In the last post, I provided a plethora of quotations with added commentary describing the cumbersome task of awakening in the morning, the psychological and economic advantages of a good night’s sleep, and the repercussions of sleep in a pernicious environment. In this post, I will highlight various sleep pathologies (in more simplistic terms, neurological diseases and disorders) as cunningly perceived (indirectly, of course) by notorious individuals.
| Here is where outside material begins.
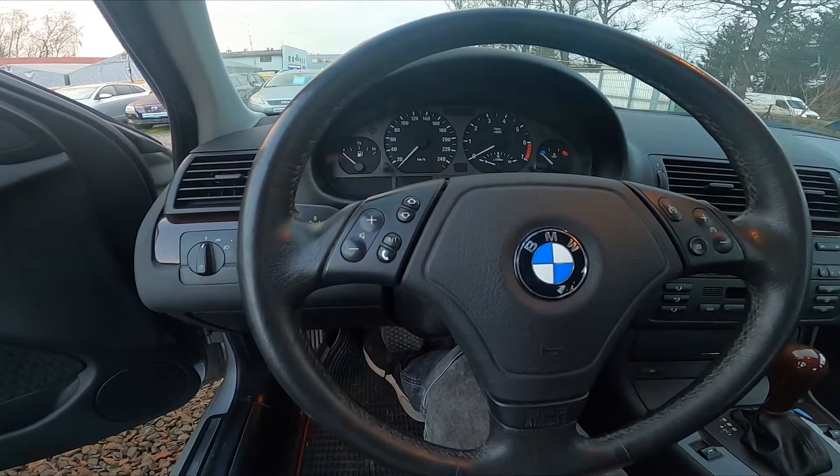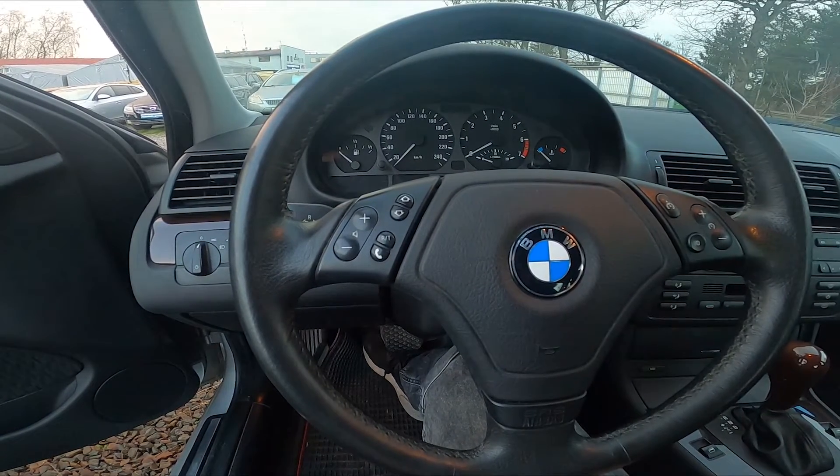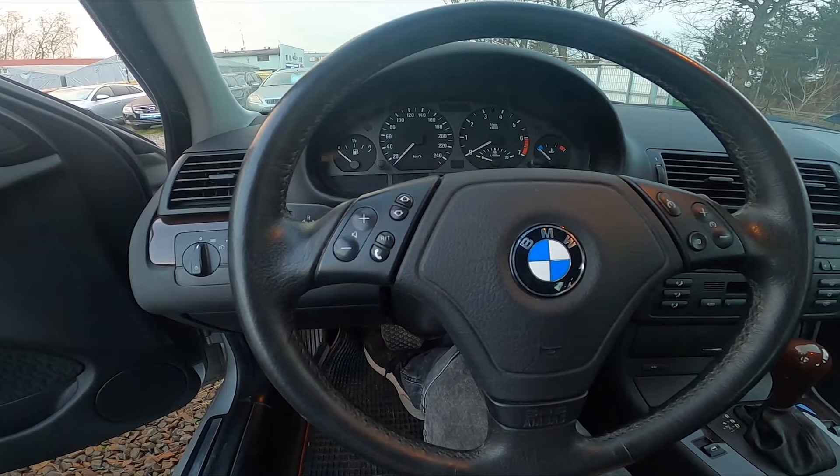Hello. Today I'm in a BMW E46. In this video I'll show you how to unlock the hood.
- “There’s only one sure cure for snoring, insomnia.” Anonymous: To a physician or scientist in sleep medicine, this quote is a paradox. From the public’s view, snoring strains bedroom relationships both emotionally and physically. In this case, insomnia appears to be a plausible antidote (especially if this person was the woman in England who feels completely rested and restored from 5 min of sleep a night). However, contrary to the quote, snoring is highly indicative of a respiratory disease known as obstructive sleep apnea (OSA) which facilitates excessive sleepiness (hypersomnia) across the waking day. How? Basically, these individuals suffocate in their sleep because their airway is obstructed, preventing them from breathing, and hence, to abruptly awake gasping for air. Even if a snorer deliberately tried to sleep deprive himself, sleep would prevail, the snorer would fall asleep, the snorer would snore and gasp for air throughout the night, and would awake the next morning tired and drained from the night’s sleep (or absence of).
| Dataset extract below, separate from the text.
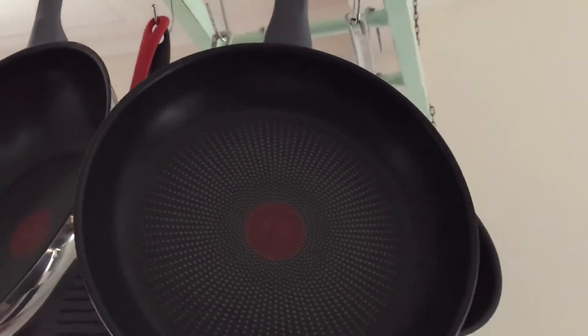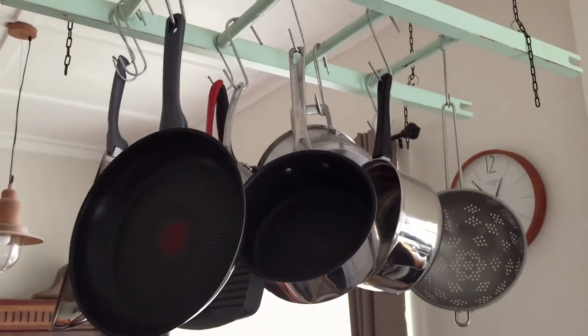Don't throw anything away — you never know when you might need it or when it might be handy. DIY saucepan rack.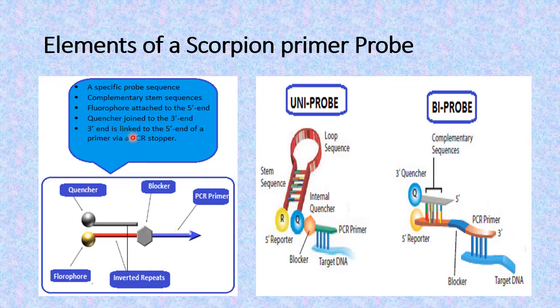These are the basic elements that must be present in the scorpion primer: a specific probe sequence, complementary stem sequences, a fluorophore attached at the 5' end, and a quencher joined at the 3' end of the stem structure. This 3' end is then linked to the 5' end of the primer via a PCR stopper.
- “I did not sleep. I never do when I am over-happy, under-happy, or in bed with a strange man.” Edna O’ Brien, The Love Nest, 1963: It is very much true that a novel situation or cognitive state can disrupt sleep onset and sleep maintenance. Upon the development of practices of sleep hygiene that promote sleep (e.g. reading a book for 20 min, brushing your teeth with orange burst Crest toothpaste, nestling under the covers and snuggling with your significant other or stuffed animal), any deviation from this habitual sequence of sleep hygiene (such as brushing your teeth with cinnamon Crest toothpaste (seriously!)) can delay sleep onset and disrupt sleep maintenance.
“He dreamed he was eating shredded wheat and woke up to find his mattress half gone.” Fred Allen. Though we laugh at this absurdity, this odd behavior of enacting dreams is an underlying manifestation of REM behavior disorder (not R.E.M, dammit!). The disorder arises from the disinhibition (i.e. inhibiting and inhibitor/exciting a neuron) of muscle paralysis during REM sleep. Yes, it is true. While in REM, all muscles of the body, except for ocular muscles controlling eye movements (for rapid eye movements, in this case), muscles of the diaphragm (to resume breathing), and muscles within the ear (to maintain hearing) are essentially in a state of paralysis. This muscular paralysis, however, is absent in victims of REM behavior disorder, causing someone to run into the furnace and tumble over furniture while dreaming about playing football or to pretend that a spouse is a deer while dreaming about snapping its neck! Video of REM behavior disorder
Hopefully, these quotes have enlightened you, and have persuaded you to obtain more sleep or to advocate for funding to study sleep pathologies (emphasis on the latter). I’m off to bed, yo.